### Work to be completed
Give the records again exactly. Pictures do not belong in the copy.

----- Data to use -----

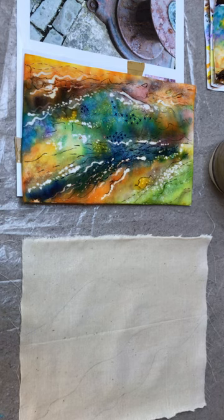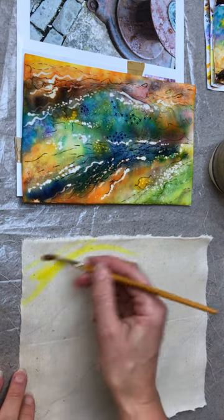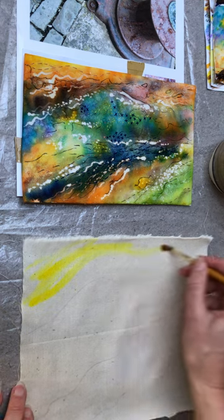Working with the same colour combinations as we did on the Palmet filing, I'm just going to let the colours run into each other.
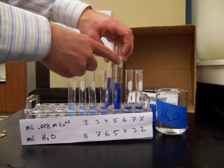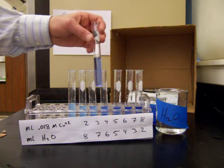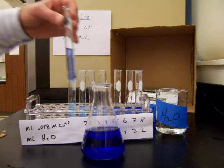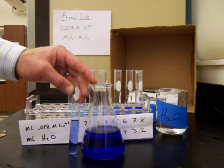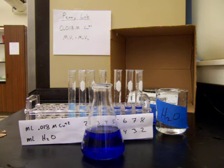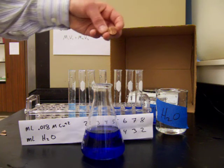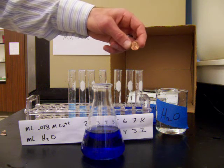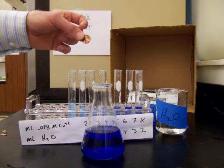We calculate the molarity of our penny solution, which closely matches the standard. Since we diluted the penny solution to a total volume of 200 milliliters, we can calculate the total number of moles of copper in the solution — and therefore in the original penny. Using a little geometry, we can then calculate the thickness of the copper plating on the surface of the penny.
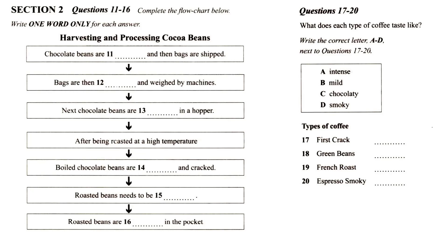French Roast coffee's flavour usually has more to do with the roasting process than the actual quality of the beans. By the time the beans are dark enough to qualify as French, most of their original flavour has dissipated. In its place come the flavours of caramelising sugar, bittersweet coffee and often a bit of chocolate.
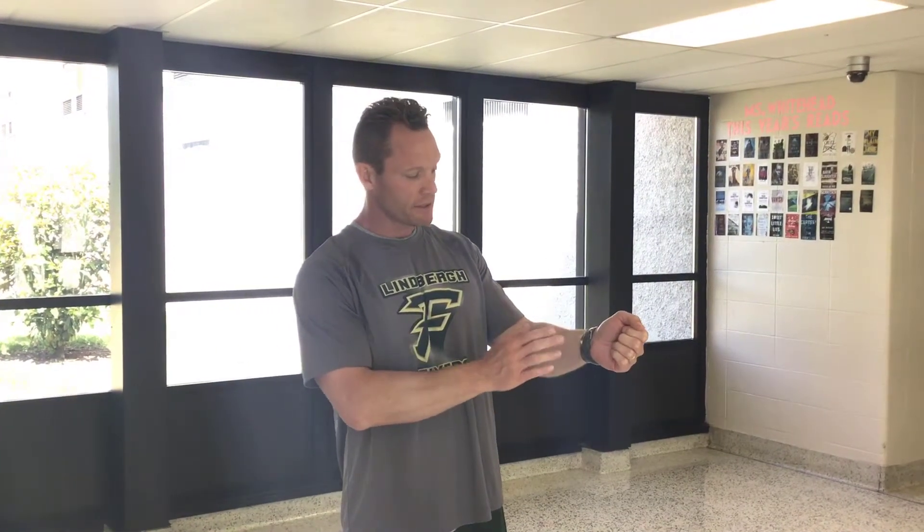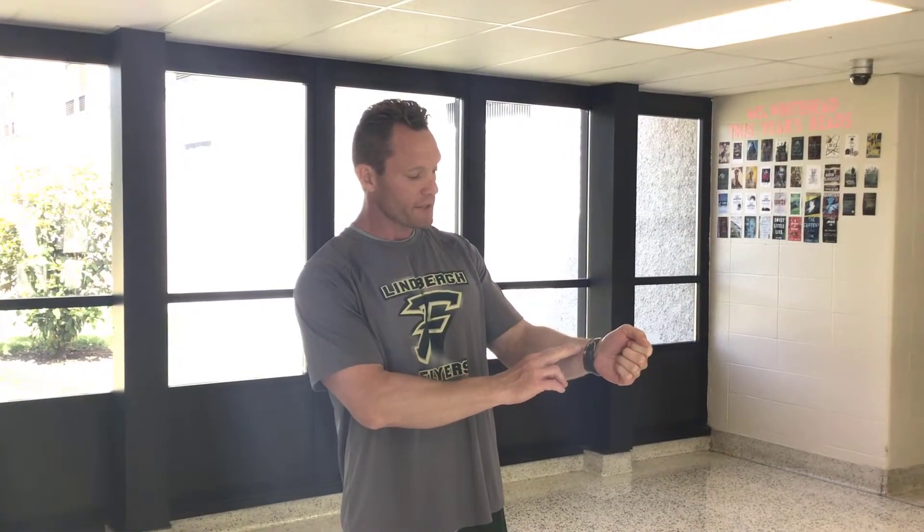Your two options for checking resting heart rate would be: one, on your radial artery, which would be on the back side of your wrist. Everyone's a little bit different — for me, it's just on the upper side of the midpoint of my wrist. You want to check that with two fingers, your middle finger and your index finger. Make sure you do not use your thumb, because your thumb has a pulse.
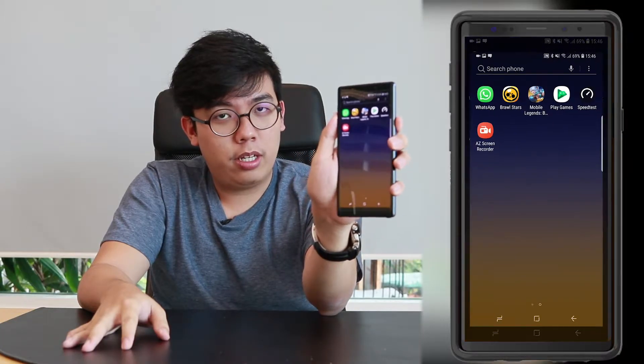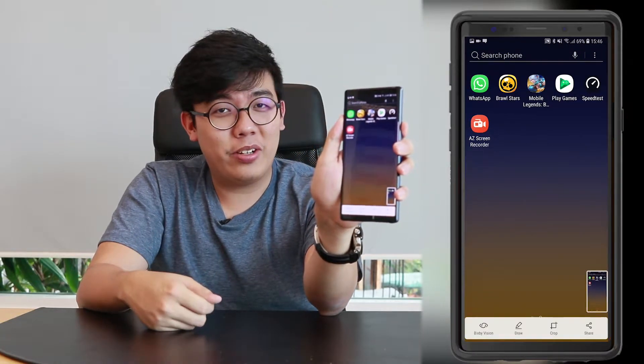So all you gotta do is hold the Home button and the Volume button down and press. And that's it. That's how you're gonna take a screenshot on the Note 9. So that's it for the first episode of UR Bytes. See you in the next one.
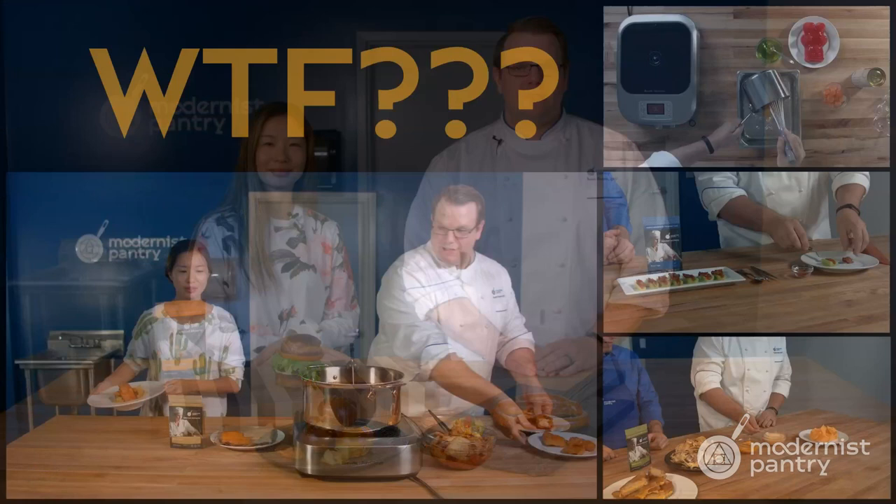Have you ever wondered how to make pretzels at home, and especially how to do it safely? Well, today on WTF we're going to look at sodium hydroxide and everything that goes into making pretzels and more.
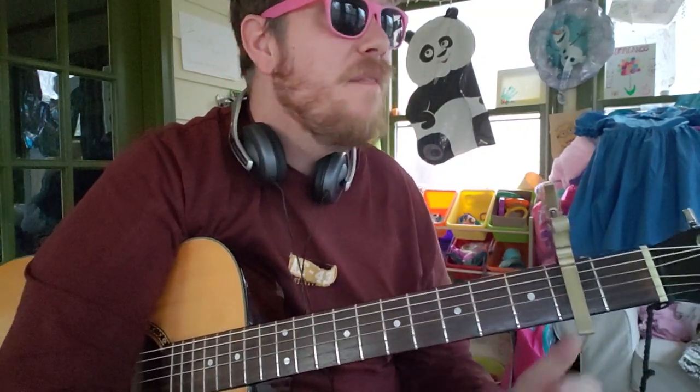But before we get started, if you haven't subscribed to this channel already, I hope you consider doing so. 5 to 10 to 12 a week, all fresh new cuts. If you're new to guitar and you want to learn using the freshest, newest music that's out there, this is the channel for you and I hope you'll consider subscribing.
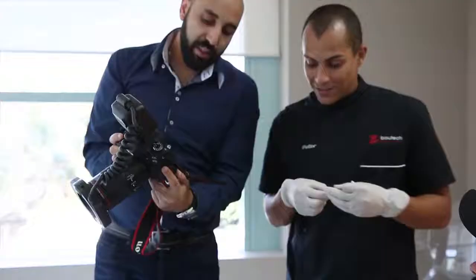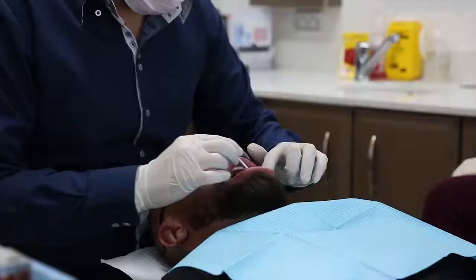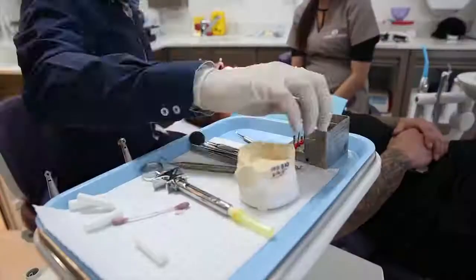Hey guys, Clint Chadwick here from Rig Fit. I'm back out at Complete Smiles at Bella Vista with Dr. James and we're about to do a new smile. We're going to take you step by step and show you through the process. Everyone's been asking me where I got my smile from, so I've been telling them to come and see James — the best out here. Wait till you see the next thing we're about to work on. It's going to be good.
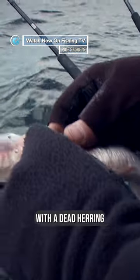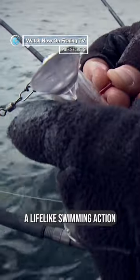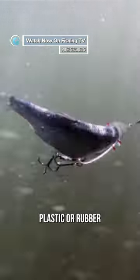Christian is also fishing with a dead herring mounted in a plastic lip skull, which gives the dead bait a life-like swimming action in the water. When you see a real fish in the water, you tend to have more belief in that than something plastic or rubber.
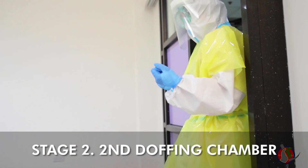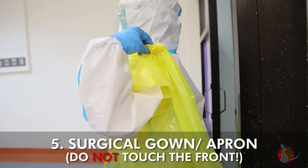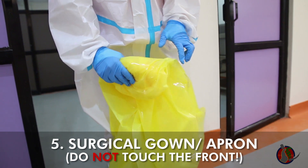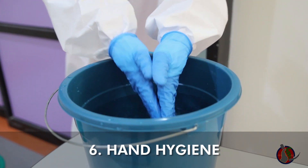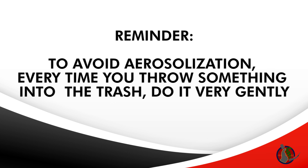Proceed to the second doffing chamber and step on the foot bath. Remove apron or surgical gown by detaching from the back, then rolling downwards slowly exposing the clean side out, then throw very slowly in the trash bin. Do not touch the front. Do hand hygiene with the hypochlorite solution. Wear a new glove on one hand if there is a door to the doffing room, then throw the glove gently. To avoid aerosolization, every time you throw something into the trash, do it very gently.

-----

### Exercise answer
Working with the same colour combinations as we did on the Palmet filing, I'm just going to let the colours run into each other.
We calculate the molarity of our penny solution, which closely matches the standard. Since we diluted the penny solution to a total volume of 200 milliliters, we can calculate the total number of moles of copper in the solution — and therefore in the original penny. Using a little geometry, we can then calculate the thickness of the copper plating on the surface of the penny.
French Roast coffee's flavour usually has more to do with the roasting process than the actual quality of the beans. By the time the beans are dark enough to qualify as French, most of their original flavour has dissipated. In its place come the flavours of caramelising sugar, bittersweet coffee and often a bit of chocolate.
Your two options for checking resting heart rate would be: one, on your radial artery, which would be on the back side of your wrist. Everyone's a little bit different — for me, it's just on the upper side of the midpoint of my wrist. You want to check that with two fingers, your middle finger and your index finger. Make sure you do not use your thumb, because your thumb has a pulse.
So all you gotta do is hold the Home button and the Volume button down and press. And that's it. That's how you're gonna take a screenshot on the Note 9. So that's it for the first episode of UR Bytes. See you in the next one.
Have you ever wondered how to make pretzels at home, and especially how to do it safely? Well, today on WTF we're going to look at sodium hydroxide and everything that goes into making pretzels and more.
But before we get started, if you haven't subscribed to this channel already, I hope you consider doing so. 5 to 10 to 12 a week, all fresh new cuts. If you're new to guitar and you want to learn using the freshest, newest music that's out there, this is the channel for you and I hope you'll consider subscribing.
Hey guys, Clint Chadwick here from Rig Fit. I'm back out at Complete Smiles at Bella Vista with Dr. James and we're about to do a new smile. We're going to take you step by step and show you through the process. Everyone's been asking me where I got my smile from, so I've been telling them to come and see James — the best out here. Wait till you see the next thing we're about to work on. It's going to be good.
Christian is also fishing with a dead herring mounted in a plastic lip skull, which gives the dead bait a life-like swimming action in the water. When you see a real fish in the water, you tend to have more belief in that than something plastic or rubber.
Proceed to the second doffing chamber and step on the foot bath. Remove apron or surgical gown by detaching from the back, then rolling downwards slowly exposing the clean side out, then throw very slowly in the trash bin. Do not touch the front. Do hand hygiene with the hypochlorite solution. Wear a new glove on one hand if there is a door to the doffing room, then throw the glove gently. To avoid aerosolization, every time you throw something into the trash, do it very gently.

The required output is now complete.